# Apache Hive: Introduction

- Apache Hive is a data warehousing tool in the Hadoop Ecosystem, which provides SQL like language for querying and analyzing Big Data. 

- Hive provides a database query interface to Apache Hadoop.

- Hive is used for processing structured data in Hadoop

- Hive opens the big data Hadoop ecosystem to nonprogrammers because of its SQL-like capabilities and database-like functionality

- Using Hive we don’t need to write complex Map-Reduce jobs, we just need to submit SQL queries. Hive converts these SQL queries into MapReduce jobs.


## Apache Hive Tutorial: What is Hive?

- Apache Hive is a data warehouse system built on top of Hadoop and is used for analyzing structured and semi-structured data.
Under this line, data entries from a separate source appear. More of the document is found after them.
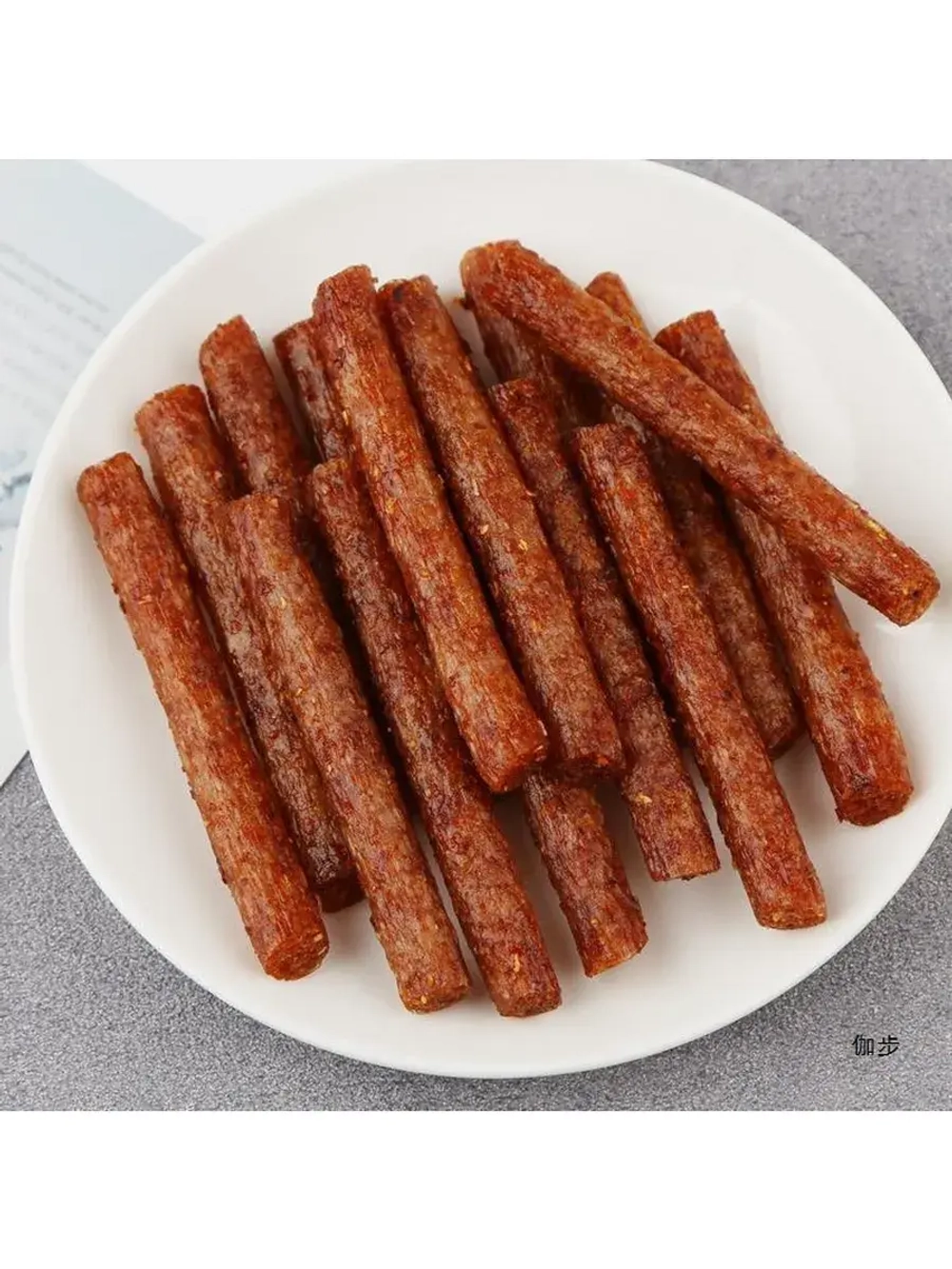 Снеки сладко-острые со вкусом Говядины 24 г * 30 шт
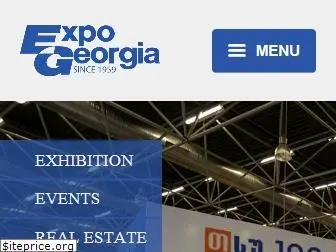 expogeorgia.ge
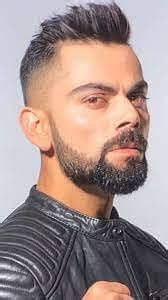 Virat Kohli Beard Style: What is the Cost of Virat Kohli Beard ...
Hive abstracts the complexity of Hadoop MapReduce.
- Basically, it provides a mechanism to project structure onto the data and perform queries written in HQL (Hive Query Language) that are similar to SQL statements. 
- Internally, these queries or HQL gets converted to map reduce jobs by the Hive compiler. Therefore, you don’t need to worry about writing complex MapReduce programs to process your data using Hadoop.

## Hive: Who started this Journey?

- Before 2008, all the data processing infrastructure in Facebook was built around a data warehouse based on commercial RDBMS. 
- But, as the data started growing very fast, it became a huge challenge to manage and process this huge dataset. According to a Facebook article, the data scaled from a 15 TB data set in 2007 to a 2 PB data in 2009. 
- Also, many Facebook products involve analysis of the data like Audience Insights, Facebook Lexicon, Facebook Ads, etc. So, they needed a scalable and economical solution to cope up with this very problem and, therefore started using the Hadoop framework.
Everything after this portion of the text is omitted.